A veteran mom — who has done three tours of drop-off/pickup duty — spent some time speaking about all the above items again, offering helpful suggestions like, “don’t drop your kid off at the foyer” and “drive all the way up to the bike racks.” The main point and apparently the only thing you really need to know about kindergarten is to pull all the way up to the bike racks. Resist the temptation, fight the urge, to stop at the foyer doors or people will honk at you and email the principal asking her to revoke your license and have your vehicle towed.
Some people asked good questions like, “What’s the best time to avoid the drop-off/pickup congestion?” Others asked questions like, “Can I start to line up for pickup at noon?” Most questions, though, were about the items we already went over. We continued to go back and forth with what was already discussed until the dead horse was beaten so much it had completely disintegrated.
This was not the Battle of Yorktown; no strategy was needed at all. No one’s independence or sovereignty depended on the outcome of this car line. This was an unsophisticated game of follow-the-leader going approximately 4 miles per hour. So believe me when I tell you that the most painful part of this entire meeting was when we formed a line — not unlike the very line we would be driving in two weeks — went outside, and walked the drop-off line course on foot.
We did not stop at the foyer, of course, because it has the red X on the map, and we walked until we were at the bike racks — and people were still confused. I’m not sure how that was possible because there is no angle this thing had not been covered from. At this point, the only items not discussed were the police officer’s name who designed the drop-off/pick-up line route and what the principal had for lunch yesterday.
I stood and looked on in disbelief, silently answering every question to myself with a deserved response and an internal eye roll. This poor horse was about to be resurrected long enough to get beat back down again with ridiculousness like:
What time do I drop off my child? After 7:45 a.m.

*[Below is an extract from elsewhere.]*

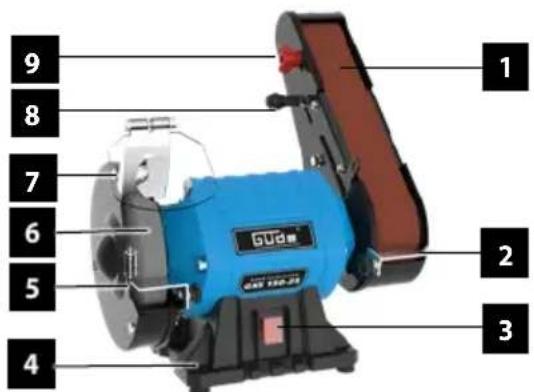 Güde GKS 15025 - Description du dispositif - 1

What if I’m here early? Pull all the way up to the bike racks.
When am I late? When you arrive and no one is outside.
What time is that? 3:26 or later.
So, when am I late? If it’s Saturday.
What happens if I’m late? By late, do you mean 3:25? Or Saturday?
What happens to my child if I arrive after 3:25? They are released to roam the neighborhood like feral cats.
Where do I pull my car up to? Look at your map.
Can I let my kids off at these doors right here? No. That’s the foyer.
What happens if I stop at the foyer? You will tear the very fabric of time, throwing us all into a time continuum that will spit us all out at 3:25 on Saturday. Just kidding. You’ll jam up the line, and everyone will hate you.
Can I stop and let my child off before I get to the bike rack? Are you at the foyer? Yes. Then, no.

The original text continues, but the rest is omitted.